八月に入る頃、ヒロトは、はっきりと自覚した。

それが証拠に、男性器を失くしてからのヒロトはまさに別人のようで、ひたすら勉強に集中出来たのだった。




「叔父さん

おかげで勉強に集中できるようになったよ。」


ヒロトは、晃の研究室に来て礼を述べた。



「それは、よかったな。

役に立てて何よりだよ。」


「叔父さん、この調子なら受験の時までこの体でも大丈夫なんじゃないかな。」


「おいおい、学校はマズイだろ」


「でも、元に戻ったらまた俺は…」


「気持ちはわからんでもないが、三ヶ月以上その体でいることは、危険だと言わざるを得ない。」


「えっ、そうなの?」



「いや、わかってないんだよ。
まだ、何も。

これまでの実験と、経験則から、夏休み期間くらいは大丈夫だと判断できたが、それ以上だと、何が起きるかわからん。」


「えーっ、怖いなあ。」


ヒロトは、少し不安そうに言った。


「夏休みの四十日間は大丈夫だよ。

さあ、そこに寝なさい。

一応検査しとくから。」


「うん。」


ヒロトは、診察用のベッドに乗り、仰向けに寝た。


「よし、パンツを下ろして。」



「恥ずかしいなあ…」


「私は医療従事者であり、科学者だ。

何も恥ずかしがることはない。
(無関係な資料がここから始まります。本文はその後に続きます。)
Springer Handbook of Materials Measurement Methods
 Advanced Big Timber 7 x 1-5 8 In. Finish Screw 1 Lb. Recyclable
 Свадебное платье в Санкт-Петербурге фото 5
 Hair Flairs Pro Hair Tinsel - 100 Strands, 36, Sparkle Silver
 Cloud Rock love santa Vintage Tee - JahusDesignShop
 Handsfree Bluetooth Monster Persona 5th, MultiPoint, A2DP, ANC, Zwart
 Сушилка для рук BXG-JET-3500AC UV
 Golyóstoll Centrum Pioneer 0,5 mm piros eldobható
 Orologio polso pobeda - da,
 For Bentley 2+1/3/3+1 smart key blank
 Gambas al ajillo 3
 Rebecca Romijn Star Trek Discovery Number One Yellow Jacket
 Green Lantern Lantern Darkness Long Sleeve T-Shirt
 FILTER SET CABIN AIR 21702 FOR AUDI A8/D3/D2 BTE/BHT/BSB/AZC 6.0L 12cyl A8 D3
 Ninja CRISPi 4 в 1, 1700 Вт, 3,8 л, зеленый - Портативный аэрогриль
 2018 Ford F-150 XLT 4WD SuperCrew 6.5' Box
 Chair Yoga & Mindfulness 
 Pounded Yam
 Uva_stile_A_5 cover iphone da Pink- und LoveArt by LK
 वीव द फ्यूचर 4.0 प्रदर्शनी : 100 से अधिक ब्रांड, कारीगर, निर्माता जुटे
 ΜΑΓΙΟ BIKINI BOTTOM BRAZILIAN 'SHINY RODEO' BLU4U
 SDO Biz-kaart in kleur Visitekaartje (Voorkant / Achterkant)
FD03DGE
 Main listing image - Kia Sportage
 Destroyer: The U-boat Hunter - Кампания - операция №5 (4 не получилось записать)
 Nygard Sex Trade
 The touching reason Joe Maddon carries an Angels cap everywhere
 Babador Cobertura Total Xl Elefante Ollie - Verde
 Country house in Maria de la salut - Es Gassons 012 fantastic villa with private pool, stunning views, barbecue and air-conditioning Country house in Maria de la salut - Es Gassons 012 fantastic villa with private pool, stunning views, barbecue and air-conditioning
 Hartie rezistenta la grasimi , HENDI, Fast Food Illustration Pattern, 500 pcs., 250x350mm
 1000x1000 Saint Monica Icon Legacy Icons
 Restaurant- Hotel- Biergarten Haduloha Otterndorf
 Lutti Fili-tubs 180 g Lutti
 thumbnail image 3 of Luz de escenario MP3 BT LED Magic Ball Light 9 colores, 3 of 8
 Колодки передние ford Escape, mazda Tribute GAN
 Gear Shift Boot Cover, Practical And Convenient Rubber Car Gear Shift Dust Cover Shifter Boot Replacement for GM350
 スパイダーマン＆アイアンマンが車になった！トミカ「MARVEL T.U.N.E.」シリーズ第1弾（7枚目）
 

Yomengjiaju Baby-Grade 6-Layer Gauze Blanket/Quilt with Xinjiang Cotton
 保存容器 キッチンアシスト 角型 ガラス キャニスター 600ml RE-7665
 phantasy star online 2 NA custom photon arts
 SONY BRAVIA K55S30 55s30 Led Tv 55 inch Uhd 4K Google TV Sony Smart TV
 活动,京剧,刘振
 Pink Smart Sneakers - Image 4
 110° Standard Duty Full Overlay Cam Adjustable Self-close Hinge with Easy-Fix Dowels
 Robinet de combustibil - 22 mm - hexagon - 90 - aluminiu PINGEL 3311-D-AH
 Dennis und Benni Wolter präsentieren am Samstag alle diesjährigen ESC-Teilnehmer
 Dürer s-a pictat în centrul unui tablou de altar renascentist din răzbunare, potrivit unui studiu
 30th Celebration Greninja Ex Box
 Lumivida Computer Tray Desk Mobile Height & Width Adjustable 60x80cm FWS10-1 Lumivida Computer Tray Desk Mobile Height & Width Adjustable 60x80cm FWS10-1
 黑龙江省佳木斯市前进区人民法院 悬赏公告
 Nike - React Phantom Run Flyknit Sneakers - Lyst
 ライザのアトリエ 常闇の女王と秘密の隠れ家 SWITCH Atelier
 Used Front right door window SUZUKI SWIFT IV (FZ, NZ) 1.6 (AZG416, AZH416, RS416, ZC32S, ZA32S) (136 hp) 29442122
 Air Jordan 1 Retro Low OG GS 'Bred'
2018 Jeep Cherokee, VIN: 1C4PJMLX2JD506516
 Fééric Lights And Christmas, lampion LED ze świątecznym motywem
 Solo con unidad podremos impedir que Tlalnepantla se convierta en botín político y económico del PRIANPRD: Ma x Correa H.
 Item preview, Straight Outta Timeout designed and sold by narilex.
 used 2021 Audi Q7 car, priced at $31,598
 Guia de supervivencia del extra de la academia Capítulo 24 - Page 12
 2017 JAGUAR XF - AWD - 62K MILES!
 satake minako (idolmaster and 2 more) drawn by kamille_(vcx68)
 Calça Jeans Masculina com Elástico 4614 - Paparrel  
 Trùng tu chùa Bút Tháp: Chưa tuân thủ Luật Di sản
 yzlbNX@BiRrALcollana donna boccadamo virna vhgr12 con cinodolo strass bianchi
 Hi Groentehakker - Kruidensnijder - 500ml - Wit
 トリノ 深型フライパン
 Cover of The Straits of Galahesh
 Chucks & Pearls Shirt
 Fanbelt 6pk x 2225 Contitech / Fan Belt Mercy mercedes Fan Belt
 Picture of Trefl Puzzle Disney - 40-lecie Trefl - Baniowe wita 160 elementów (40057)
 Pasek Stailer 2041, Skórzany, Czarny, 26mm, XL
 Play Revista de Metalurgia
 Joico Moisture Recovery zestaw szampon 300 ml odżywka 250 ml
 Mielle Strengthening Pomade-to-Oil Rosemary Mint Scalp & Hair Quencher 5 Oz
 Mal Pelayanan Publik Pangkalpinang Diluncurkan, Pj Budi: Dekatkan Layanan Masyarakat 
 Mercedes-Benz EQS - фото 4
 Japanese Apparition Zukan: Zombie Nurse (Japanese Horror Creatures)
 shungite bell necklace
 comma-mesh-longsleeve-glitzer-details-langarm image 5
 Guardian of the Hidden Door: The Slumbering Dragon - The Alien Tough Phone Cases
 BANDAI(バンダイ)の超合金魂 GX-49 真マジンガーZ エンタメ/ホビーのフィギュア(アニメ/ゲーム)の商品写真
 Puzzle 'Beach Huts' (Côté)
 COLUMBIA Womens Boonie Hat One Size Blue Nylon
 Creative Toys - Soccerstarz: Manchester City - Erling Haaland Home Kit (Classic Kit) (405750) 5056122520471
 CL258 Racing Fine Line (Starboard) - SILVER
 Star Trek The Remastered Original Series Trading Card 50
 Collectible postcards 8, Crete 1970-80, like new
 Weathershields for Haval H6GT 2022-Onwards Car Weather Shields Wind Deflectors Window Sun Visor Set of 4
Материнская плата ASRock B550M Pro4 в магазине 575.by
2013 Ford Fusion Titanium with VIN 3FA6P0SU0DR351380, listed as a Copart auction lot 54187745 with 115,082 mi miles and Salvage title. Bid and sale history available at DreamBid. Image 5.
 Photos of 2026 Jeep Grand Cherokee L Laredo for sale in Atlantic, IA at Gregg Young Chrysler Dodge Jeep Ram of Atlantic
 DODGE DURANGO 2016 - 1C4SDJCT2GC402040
」



晃は、ヒロトの女性器を食い入るように見た。


「何か問題はないか?」


「うん。

オシッコも慣れてきたし、そんなに問題はないよ。」


「そうか。

まあ、何も異常はない。


よし、ついでに他も診ておこうか。

シャツを捲って。」


ヒロトは、晃に言われるままに、上半身をさらけ出した。


「…」


晃の顔つきが微妙に変化するのを、ヒロトは見逃さなかった。


「ちょっと、何?

何か異常があるの?」


ヒロトが慌てふためいて質問する中、晃は黙ったままでいたが…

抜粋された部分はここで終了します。